• Task
Copy nothing but the lines from the one containing "Jam drops - Thumbprint Cookies" through the last line of the entries below, exactly as written and without pictures.

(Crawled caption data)
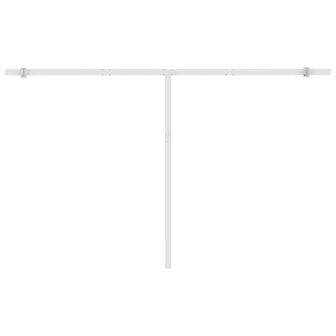 Luifel vrijstaand automatisch 400x350 cm blauw en wit 9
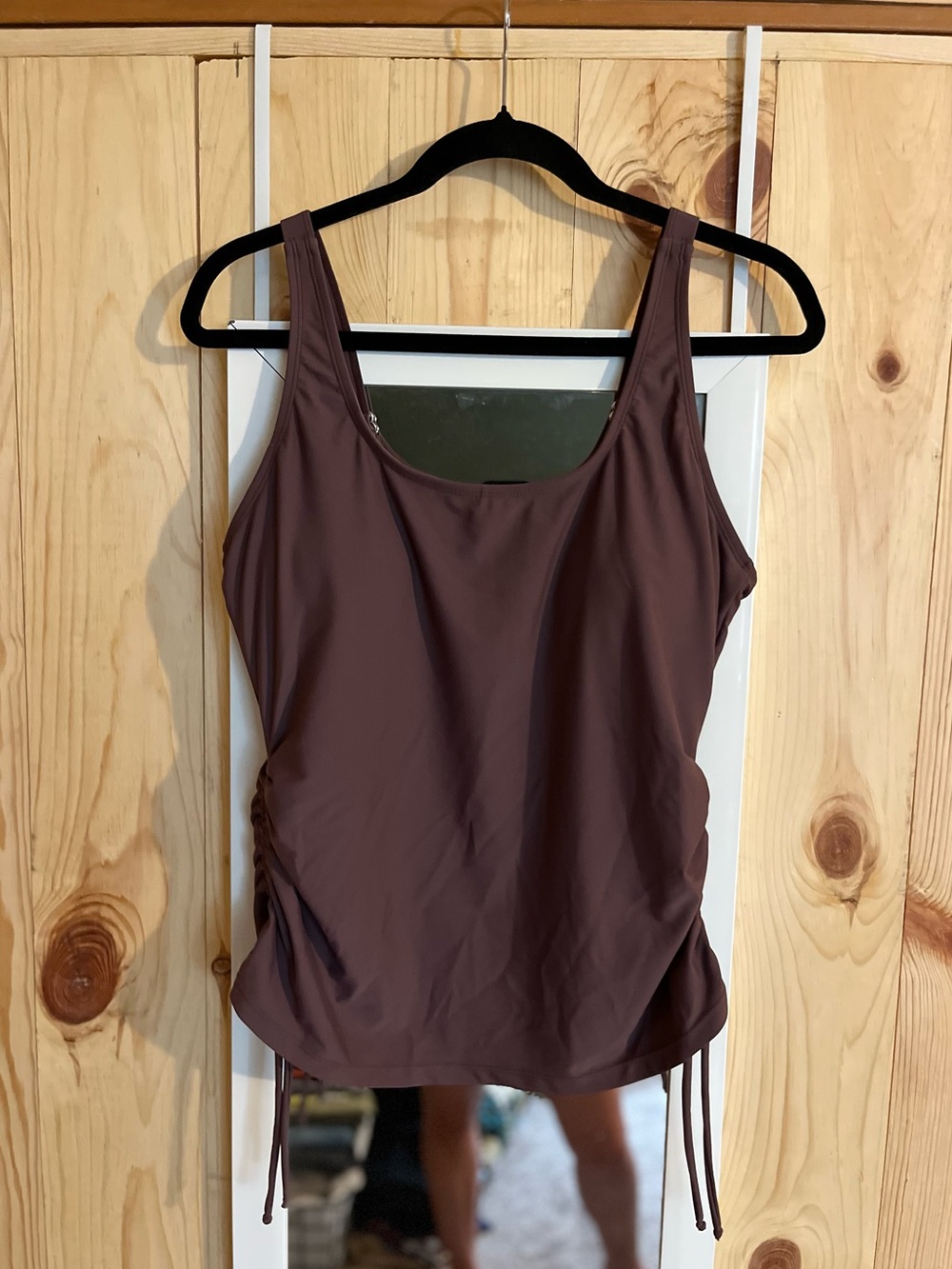Tankini Swim Top Adjustable Plum Purple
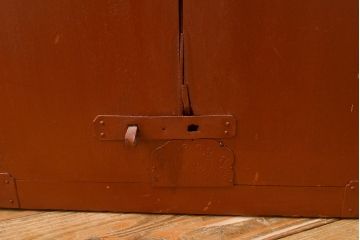 中古　前面ケヤキ材　モダンな空間にも取り入れやすい相馬箪笥・上段(和箪笥、重ね箪笥、衣装箪笥、引き出し、チェスト)(R-052574)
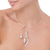 Silver choker, 'Magnificent Calla' - Calla Lily Choker Necklace Handmade Floral Jewelry thumbail
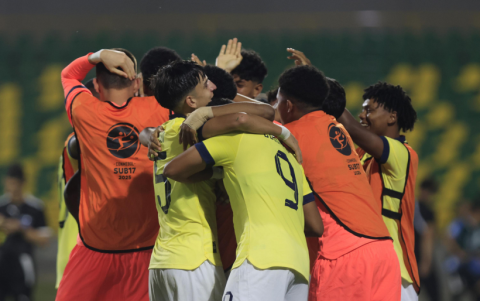 Ecuador debutó con una goleada de 4-0 a Uruguay en el Sudamericano Sub 17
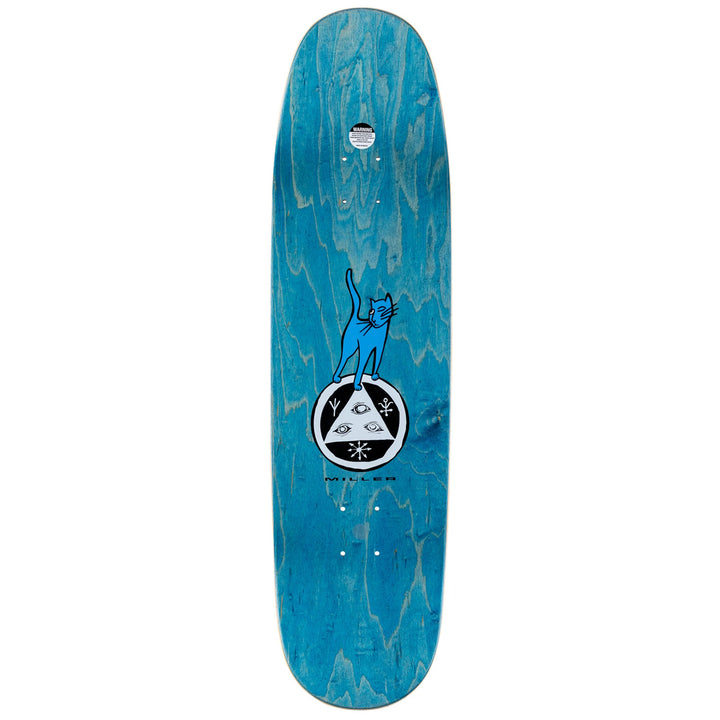 Welcome Miller Left Eye on Catblood 2.0 8.72 Skateboard Deck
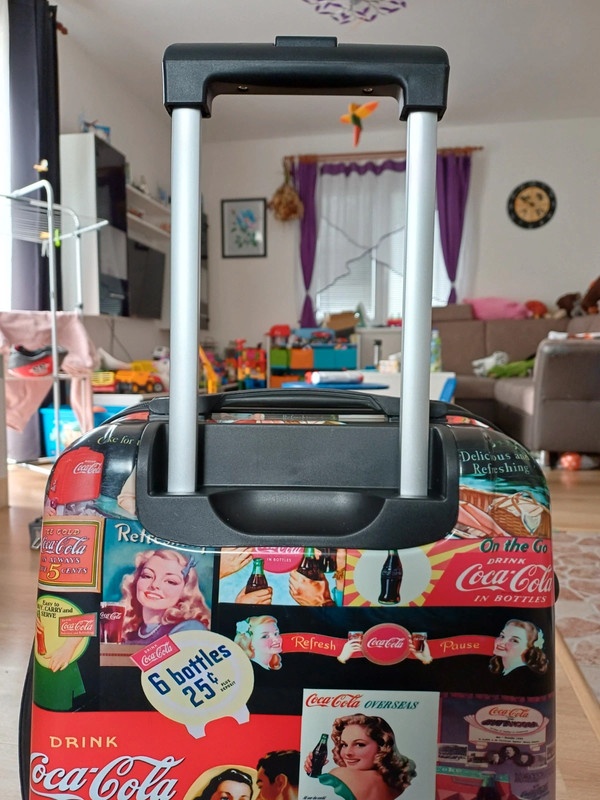 Cestovní kufr Coca-cola - originál - 5
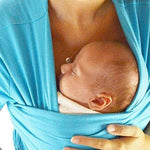 Skin To Skin Kangaroo T-Shirt & Nursing Top | Lagoon Blue | Milk & Baby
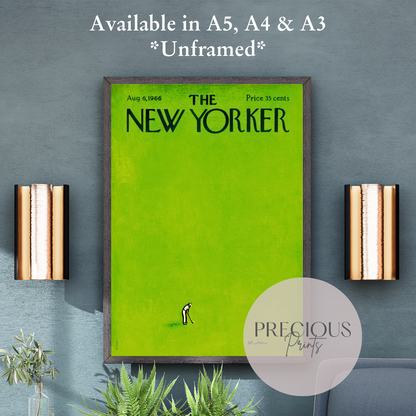 The New Yorker 6 August 1966 Print Vintage Wall Art / Abe Birnbaum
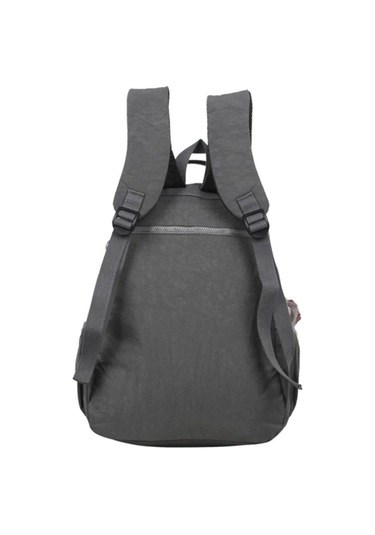 Markahit Kenyon Cox 8866 Gri Unisex Klinkır Aksesuarlı Kumaş Sırt Çantası 8866 - Gri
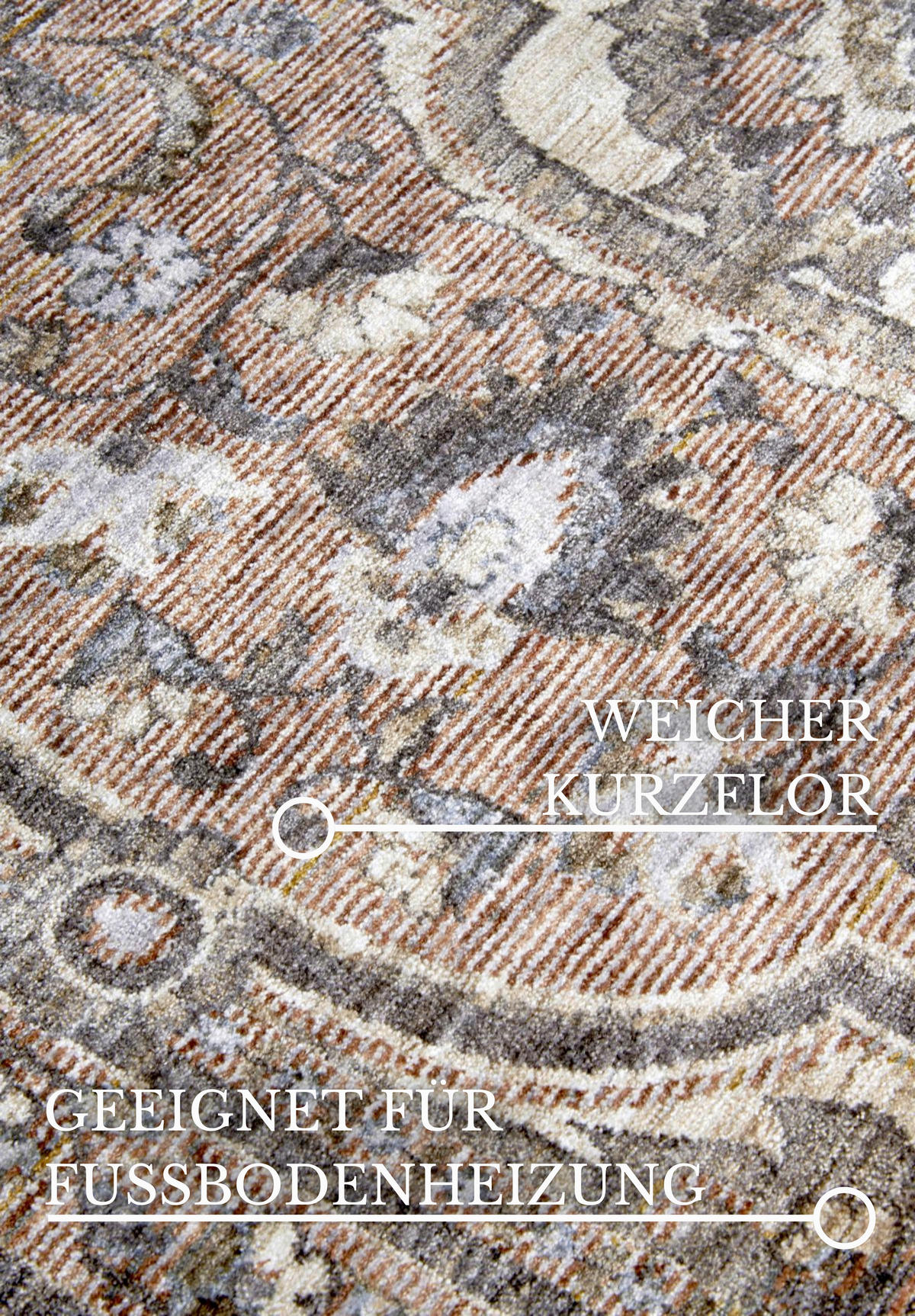 FLACHWEBETEPPICH 160/225 cm Kollektion 1871 Multicolor, Kupferfarben  - Multicolor/Kupferfarben, Design, Kunststoff (160/225cm) - Villeroy & Boch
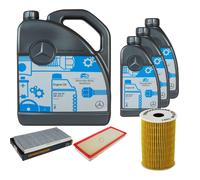 DENCKERMANN Controllo Set MB 5W-40 229.5 8L Per Mercedes-Benz A-Klasse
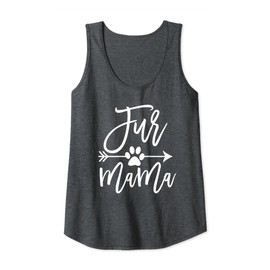 Womens Fur Mama Dog and Cat Mom Furmama Tank Top
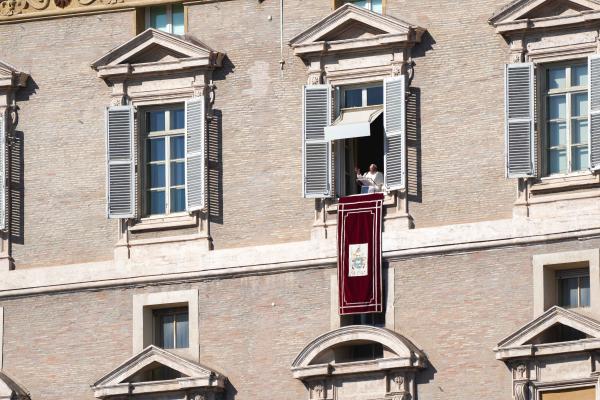 Pope Francis at the Angelus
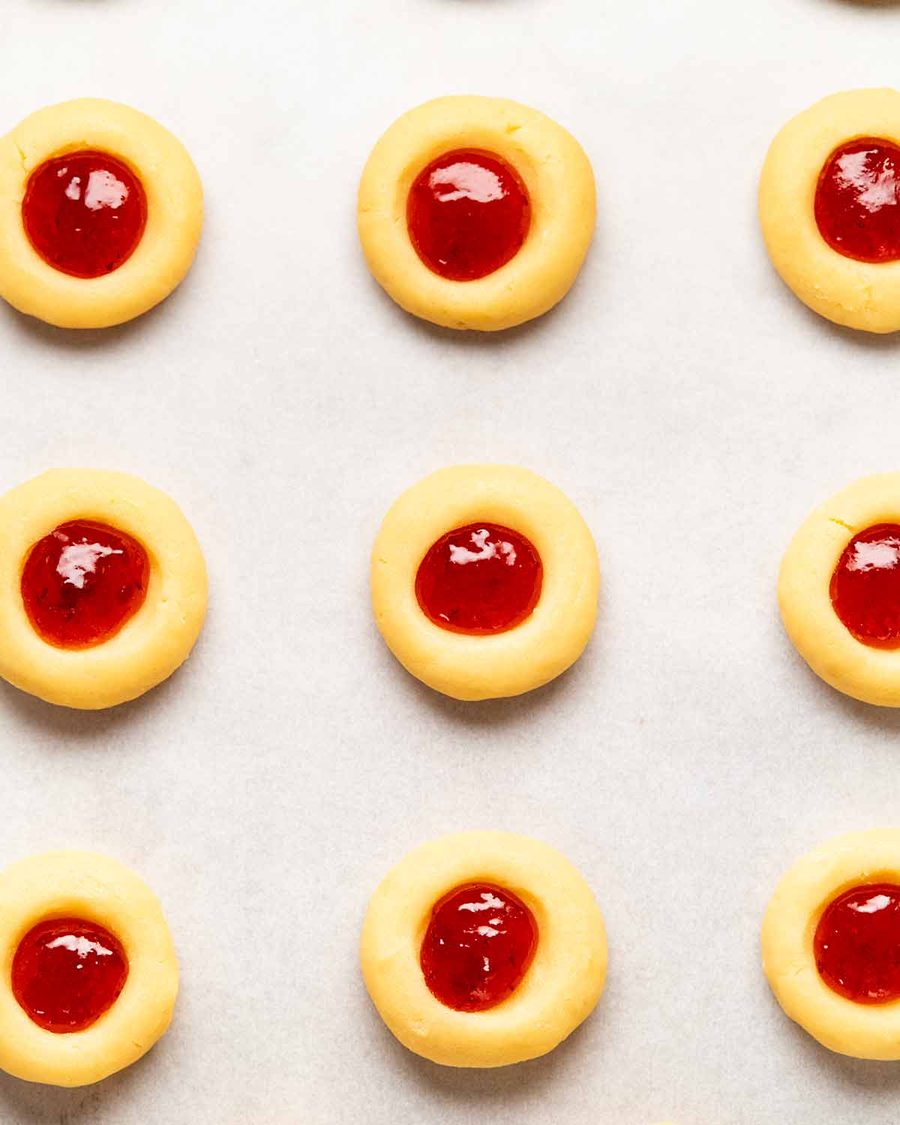 Jam drops - Thumbprint Cookies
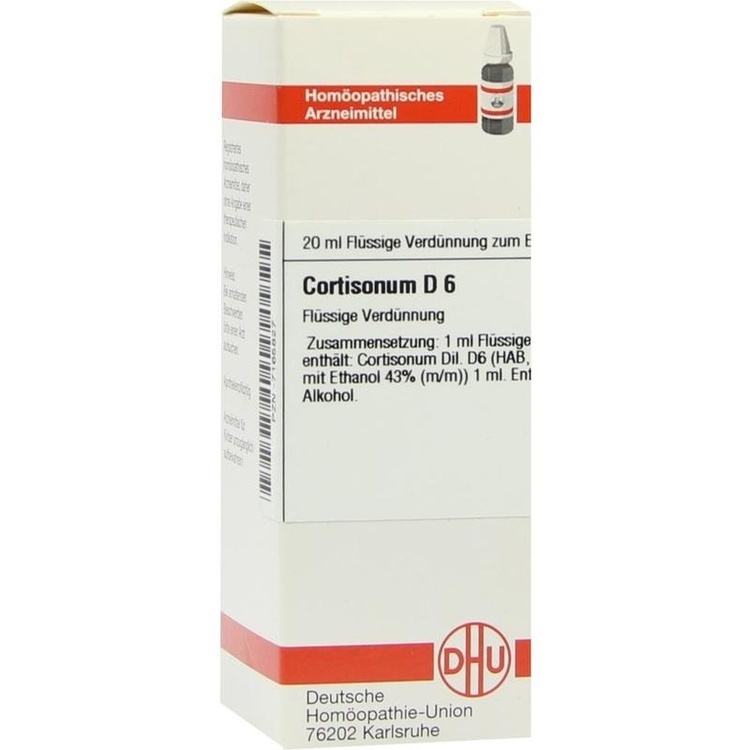 CORTISONUM D 6 Dilution 20 ml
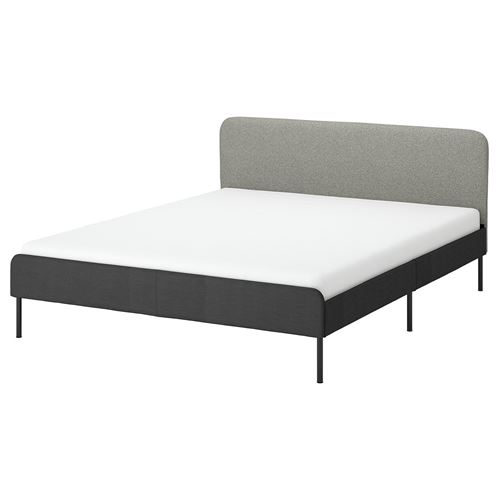 IKEA - SLATTUM, double bed, grey/beige, 160x200 cm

• Answer to this problem
 Jam drops - Thumbprint Cookies
 CORTISONUM D 6 Dilution 20 ml
 IKEA - SLATTUM, double bed, grey/beige, 160x200 cm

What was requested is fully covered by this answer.